Over the course of those six weeks, losses in the trading unit grew alarmingly, and even though gains in other trades offset the $2 billion trading loss, now the bank expects the London unit to post losses of $800 million in the quarter.
J.P. Morgan CEO Jamie Dimon was frank about the trading debacle, calling the loss “stupid” and an “egregious” failure in a trading unit that, ironically, was designed to modify risks for the bank.
"There were many errors, sloppiness and bad judgment," Dimon said. "These were grievous mistakes, they were self-inflicted."
For consumers, it’s too early to say exactly what happens, if anything, from the Morgan trade fallout.The investment web site TheFlyOntheWall.com, a favorite for Wall Street insiders, announced earlier this morning that analysts at Stifel Nicolaus had already downgraded J.P. Morgan stock to “hold” from “buy.”
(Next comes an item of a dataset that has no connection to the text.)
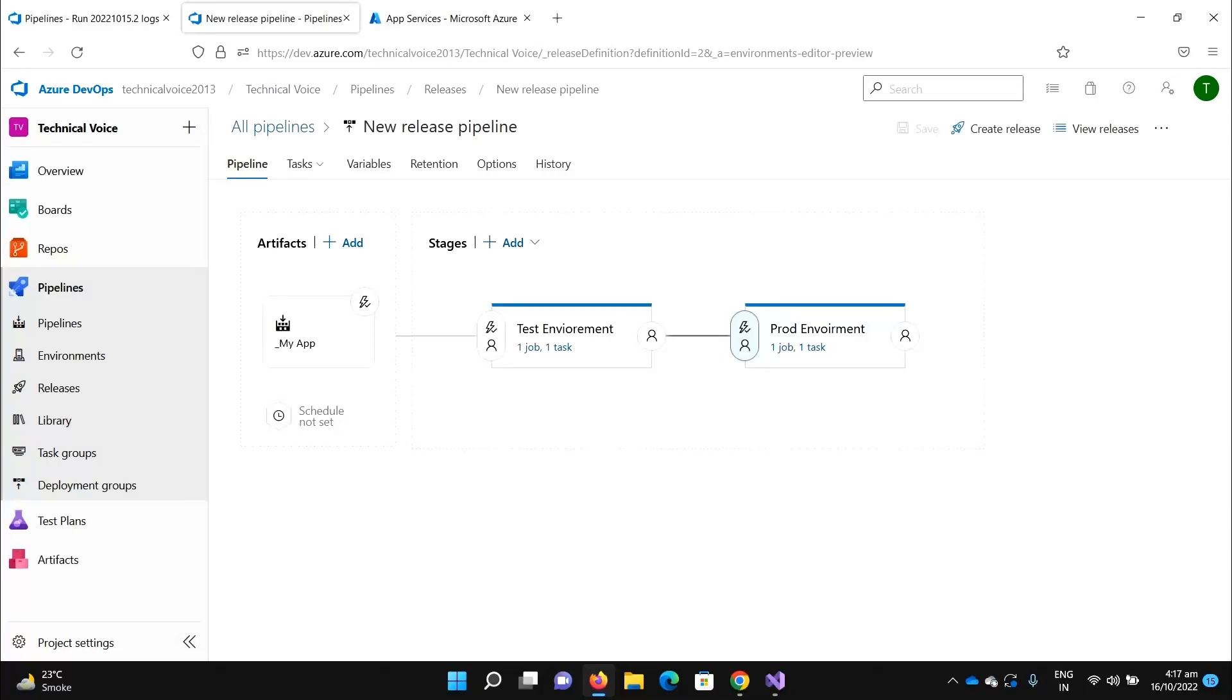Hey everyone, welcome to Technical Voice. In the last video we played with multiple stages, so we added one more stage which was the production environment. We saw that once the test environment deployment completed, it automatically invoked the production environment deployment.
Past that, how the Chase trade pans out for Main Street consumers may largely depend on how traction, if any, reformers gain from the trading loss issue. J.P. Morgan certainly remains in good financial shape. The bank earns in excess of $4 billion per quarter, since 2010, and holds over $2.3 trillion in assets. But Dimon just met with the Federal Reserve of New York governor Daniel Tarullo last week to ask the Fed to curb its ongoing bank stress test program that measured how banks could stand up financially to heavy financial losses.
Even to a bank as large as Chase, $2 billion in six weeks represents a big loss. With U.S. taxpayers on the hook for a $1 trillion bailout on banks that are presumably “too big too fail”, the Chase $2 billion trading hit could renew calls from reformers to issue some tough love to banks -- even big, profitable ones.
"The enormous loss JPMorgan announced today is just the latest evidence that what banks call 'hedges' are often risky bets that so-called 'too big to fail' banks have no business making," said Senator Carl Levin in a May 10 statement. "Today's announcement is a stark reminder of the need for regulators to establish tough, effective standards."
The defining issue may be whether the Chase trades were simply poorly executed, or were a “tip of the iceberg” scenario where Wall Street is once again taking huge, unaccountable risks with bank assets.
Either way, count on Washington to take a closer look, with no appetite among taxpayers for any more big bank bailouts, and less faith among consumers that big banks learned any lessons at all from the banking collapse of 2008.